VEGF has a central role in both vasculogenesis and angiogenesis, and its deregulated expression contributes to the aberrant growth of solid tumours by promoting their neo-vascularization and also contributes to many other human diseases that are characterized by abnormal angiogenesis and enhanced vascular permeability7. Whereas recent studies have begun to uncover the underlying mechanisms by which VEGF promotes the proliferation, migration and survival of endothelial cells5, how VEGF induces vessel leakiness, its first described function1, 2, is still far from being fully understood. Here, we observed that VEGF regulates the availability of VE-cadherin at the cell surface by promoting its endocytosis through a VEGFR-2–Src–Vav2–Rac–PAK signalling axis. Furthermore, we found that the VEGF-induced internalization of VE-cadherin involves the phosphorylation of a conserved motif within the VE-cadherin ICD and the consequent recruitment of beta-arrestin2, which is best known for its involvement in the GPCR ligand-dependent endocytosis28, 29.

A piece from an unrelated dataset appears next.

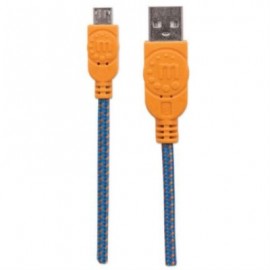 Cable Manhattan Micro-B USB Alta Velocidad 1m Color Azul-Naranja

The architecture of endothelial junctions is rapidly modified in response to VEGF, allowing the extravasation of macromolecules and metastatic cells10. Whereas the barrier function of the endothelium is supported by different cell–cell adhesion systems (mostly adherens junctions involving VE-cadherin and tight junctions7, 15), the disruption of VE-cadherin-mediated adhesion is sufficient to disrupt these intercellular junctions13, 16, 17. In agreement with these observations, VE-cadherin is required to prevent the disassembly of the blood-vessel walls17, 30 and to coordinate the passage of macromolecules through the endothelium18, 25. In this regard, we observed that VEGF stimulation resulted in the rapid internalization of VE-cadherin in a clathrin-containing vesicular compartment, and that the expression of a VE-cadherin mutant (S665D) that is persistently internalized is sufficient to provoke the disruption of the tight junctions and to enhance endothelial cell permeability, even in the absence of VEGF stimulation. These findings raised the possibility that VEGF could cause the disruption of cell–cell junctions by promoting the localized removal of VE-cadherin from the cell surface by an endocytotic process.

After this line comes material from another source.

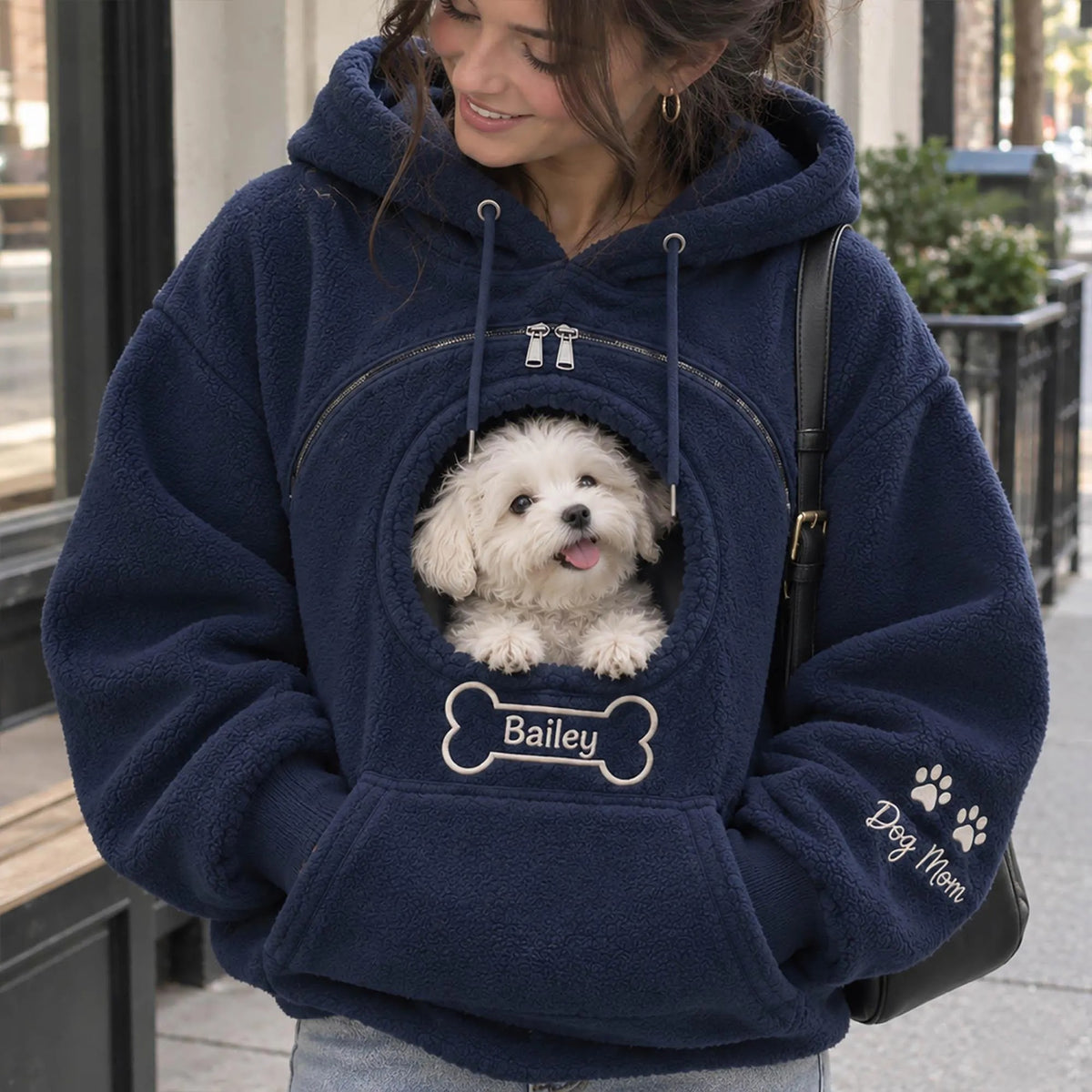 Custom Dog Mom Pet Carrier Hoodie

Genetic and biochemical data support the requirement of Src kinase family for the vascular permeability response to VEGF7, 9. However, the precise mechanism by which VEGF receptors act through Src to promote permeability is not fully understood. For example, VEGF-induced Src activation can result in the destabilization of VEGFR-2–VE-cadherin complexes and the tyrosine-phosphorylation of junctional proteins10, 11, 31. Nevertheless, in some cases, tyrosine dephosphorylation rather than phosphorylation of VE-cadherin-associated proteins was observed on VEGF stimulation32, 33. Alternatively, a crosstalk between Src and the focal adhesion kinase can regulate vascular permeability by interfering with integrin adhesion and signalling34, 35. Our findings suggest that Src has an important function in linking VEGFR-2 activation to the stimulation of Vav2, thereby activating Rac and resulting in the endocytosis of VE-cadherin and the disruption of the endothelial junctions.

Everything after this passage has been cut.